──────── Provided records
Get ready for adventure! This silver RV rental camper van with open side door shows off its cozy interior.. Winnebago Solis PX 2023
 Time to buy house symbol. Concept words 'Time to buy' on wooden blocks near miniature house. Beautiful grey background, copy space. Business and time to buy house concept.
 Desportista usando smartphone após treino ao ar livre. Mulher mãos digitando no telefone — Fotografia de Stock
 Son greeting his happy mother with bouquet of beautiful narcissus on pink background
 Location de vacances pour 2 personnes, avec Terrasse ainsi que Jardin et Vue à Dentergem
────────────────
──────── Provided records
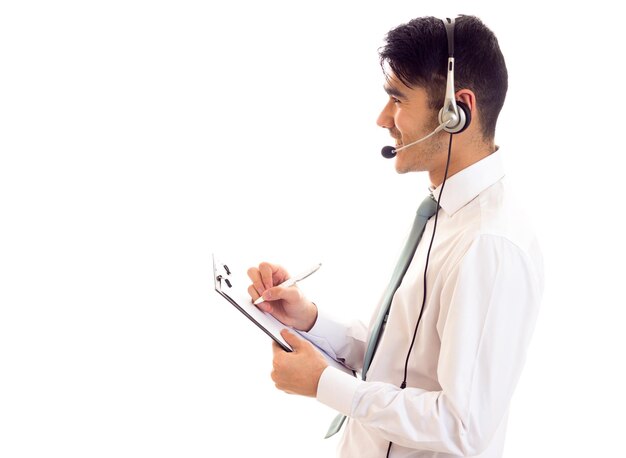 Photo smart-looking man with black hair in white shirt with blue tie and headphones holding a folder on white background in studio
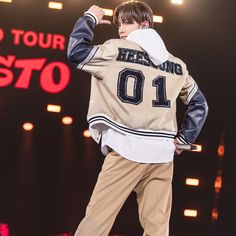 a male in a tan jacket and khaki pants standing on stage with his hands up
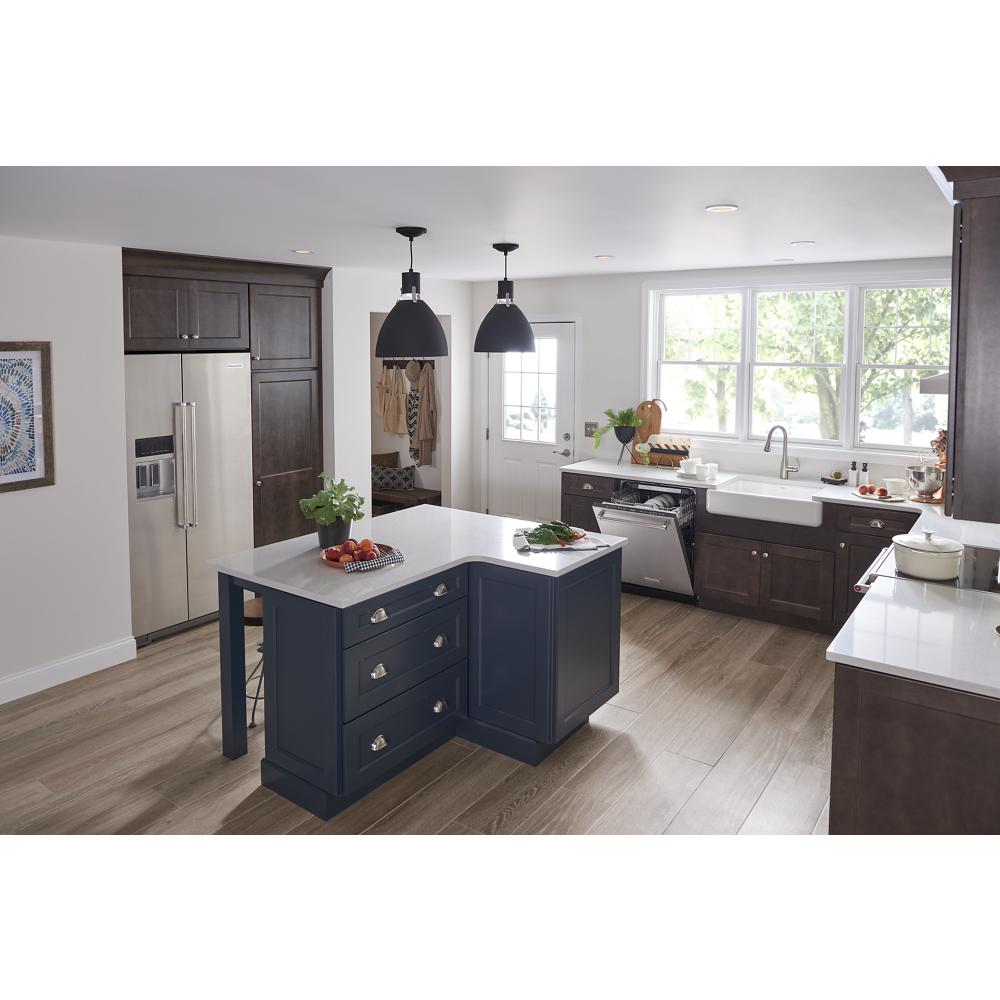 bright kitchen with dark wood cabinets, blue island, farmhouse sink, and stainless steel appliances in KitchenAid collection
────────────────
> _Problem description_:
Going back to the entries above, set down exactly the lines that begin at the one with "Time to buy house symbol." and end at the one with "Location de vacances", both included, and nothing else.

> _Task solution_:
 Time to buy house symbol. Concept words 'Time to buy' on wooden blocks near miniature house. Beautiful grey background, copy space. Business and time to buy house concept.
 Desportista usando smartphone após treino ao ar livre. Mulher mãos digitando no telefone — Fotografia de Stock
 Son greeting his happy mother with bouquet of beautiful narcissus on pink background
 Location de vacances pour 2 personnes, avec Terrasse ainsi que Jardin et Vue à Dentergem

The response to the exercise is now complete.